Note how the resistance line, on top of the swing highs, is not a straight line but more of a
meandering line that more accurately reflects the market activity. January’s bar was a
breakout rally, 6th bar from the right, with a wide range up and a relatively strong close.
That strong bar can act as support on a retest, so you can see how market activity from the
swing highs and the strong rally bar advertised a likely support area months before it was
retested, just last month. The issue with the retest is how price declined so quickly going
into potential support. The month of June erased 4 previous rally bars, prior to May.
The warning from the Qtrly chart is showing more detail in support of it on the monthly.

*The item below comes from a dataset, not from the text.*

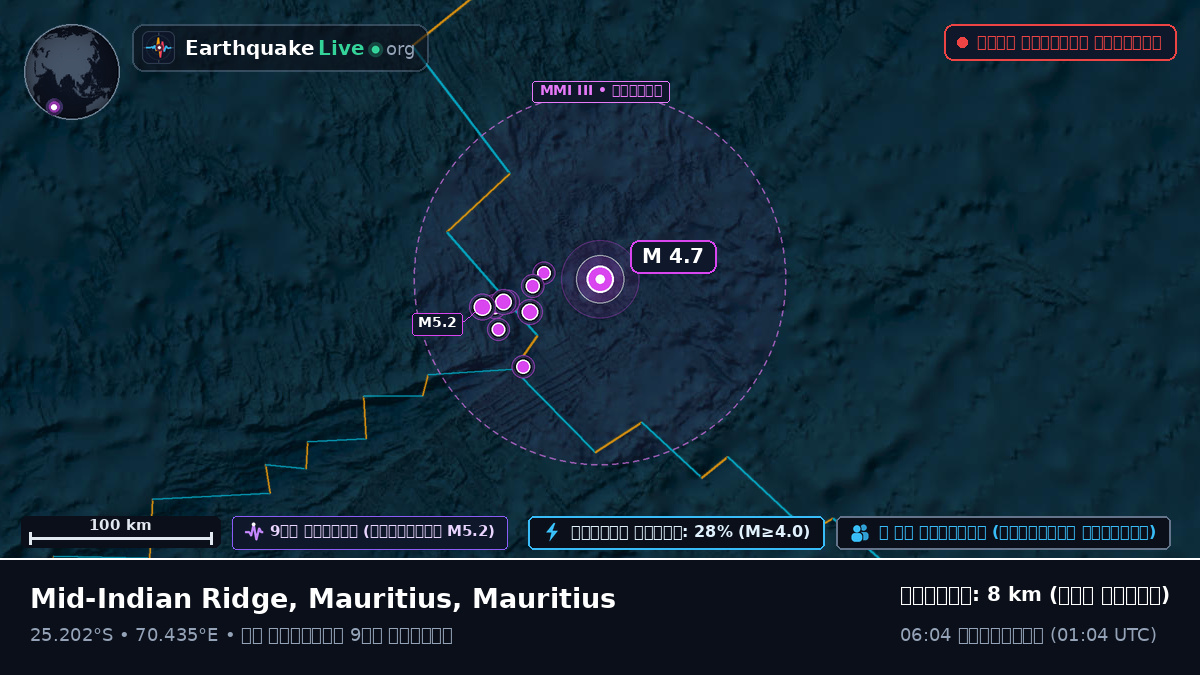 ভারত মহাসাগর (Mauritius)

The weekly amplifies the monthly with even greater detail. Compare the 6 bar decline
with the more labored rally to high that began in January. The ranges down are much
larger than the rally bars. The ease of movement is clearly to the downside, and that
means the sellers are more in control.
On the Qrtly chart, we added the comment to sell rallies against the high, based on the KR
formation and poor close. The character of how the next rally unfolds, will be the market’s
message of what to expect moving forward. If the rally bars are relatively smaller with few
strong closes, and volume declines, expect more weakness to follow.

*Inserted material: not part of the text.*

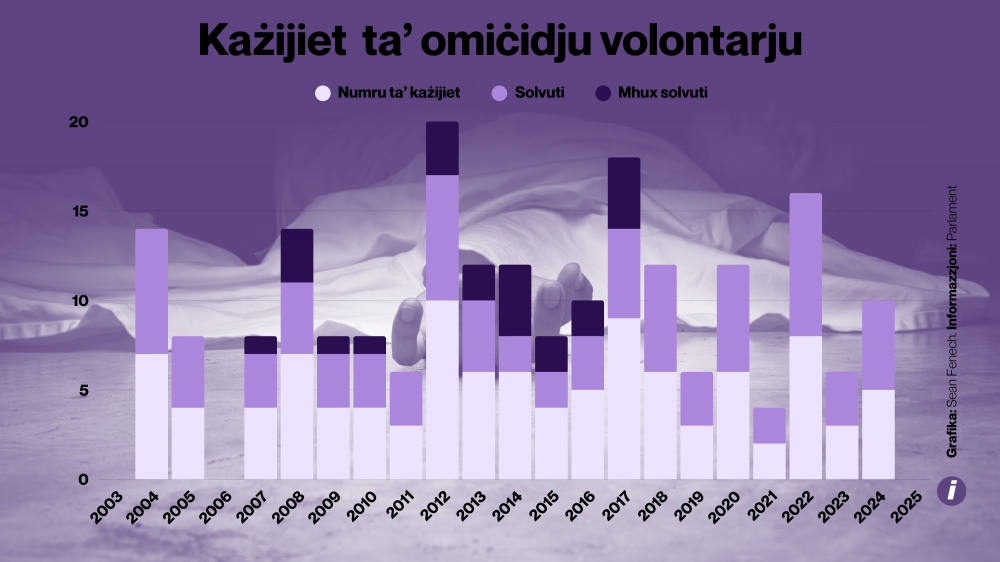 23 każ ta’ omiċidju volontarju mhux solvut mill-2003 ‘l hawn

Ignore the news. Too many people read the news or listen to highly biased media talking
heads that want to cheer prices higher. The market will be providing the best ringside seat
with the most current price information you will find anywhere. It is available to anyone
and everyone at the same time to read. Its message is the most accurate of all.
There is an improved close on the last bar of the week, and it suggests a rally of some sort
going into July. We do not know if a rally will occur, but it is not necessary to know. All
we have to do is follow the developing market activity flow, letting the market lead, and
then simply follow along.
None of these 3 time frames are used for timing entry and/or exit for trading. The daily is
more suited for that purpose.
There were ample signs to no longer be long this market, but that is past tense, and what
matters most is what to do moving forward. The three higher time frames just reviewed all
say the trend has weakened. The daily trend has already turned down, by virtue of lower
highs and lower lows.
As trend followers, one does not want to be long in a downtrend. The market structure has
provided a roadmap of what may happen next. Now we enter the realm of “If, Then.” IF
we see a weak rally into the area shown on the chart: the 50% range resistance, the failed
rally at 1., the wide-range ease of movement down bar at 2, THEN we know the odds favor
going short, with an edge.
There is no guesswork, no predicting, no shooting from the hip, as it were. Instead, we
have the factual underpinning of market activity as a guide. It is the character of the next
rally that will confirm the edge to go short, and IF it does not, THEN there is no trade to be
Using the factual character of past market activity, and measuring it as present tense
market activity develops eliminates having to know the future. We get to deal with what
IS known, and it applied well, the future will take care of itself.
The money is made before the trade is even made. now you know why.